The outperformance of the economically sensitive stocks continues versus large-cap growth. The major equity indices remain a mix of neutral, negative and positive trends. Cumulative breadth remains split as well.
Regarding the data, most remain in neutral territory except for sentiment that is still sending a cautionary message due to what appears to be an excess of bullish expectations for the market.
However, we are keeping our eyes peeled for a potential shift in the current bifurcated index performance.
On the Charts
All the equity indices closed higher Thursday with positive NYSE and negative Nasdaq internals.
The S&P 500 closed above resistance and is now positive, while the DJIA (see above) and Dow Jones Transports made more new closing highs.
So, the mix of trends finds the S&P, DJIA, Dow Transports and Value Line Arithmetic Index positive with the MidCap 400 and Russell 2000 neutral. The Nasdaq Composite and Nasdaq 100 are still in near-term downtrends despite Thursday's gains.
Cumulative market breadth was unchanged with the All Exchange and Nasdaq negative and the NYSE positive, again showing the split in performance.
The Nasdaq Composite is now slightly oversold on its stochastic reading.
On the data, the McClellan 1-Day Overbought/Oversold oscillators remain neutral (All Exchange: -25.09 NYSE: -4.45 Nasdaq: -42.6).
Sentiment indicators were little changed and remain at cautionary levels. The Rydex Ratio (contrarian indicator) measuring the action of the leveraged ETF traders is still in bearish territory but dipped to 1.25. T
This week's Investors Intelligence Bear/Bull Ratio (contrary indicator) saw a drop in bullish sentiment at 16.5/59.2 as did the AAII bear/bull ratio at 23.6/49.7. However, both of those sentiment contrarian indicators remain in bearish territory.

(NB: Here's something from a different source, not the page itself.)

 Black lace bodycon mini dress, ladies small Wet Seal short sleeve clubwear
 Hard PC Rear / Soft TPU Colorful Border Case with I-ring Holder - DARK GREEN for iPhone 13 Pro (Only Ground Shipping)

The Open Insider Buy/Sell Ratio remains neutral at 26.2 as insiders have yet to exhibit any notable buying interest.
Valuation still appears extended with the forward 12-month consensus earnings estimate for the S&P 500 from Bloomberg rising to $188.41 per share. This leaves the S&P's forward P/E multiple at 22.3x, down from 22.9x last week as the index stalled while forward estimates rose.
The "rule of 20" finds fair value at 18.4x. The valuation spread has been consistently wide over the past several months while the forward estimates have risen rather consistently.
The S&P's forward earnings yield stands at 4.48%.
The 10-year Treasury yield closed at 1.56%. We continue to view 1.55% as support with 1.63% as resistance.
The recent bifurcation of the markets and data still suggests we maintain our near-term "neutral/positive" macro-outlook for equities.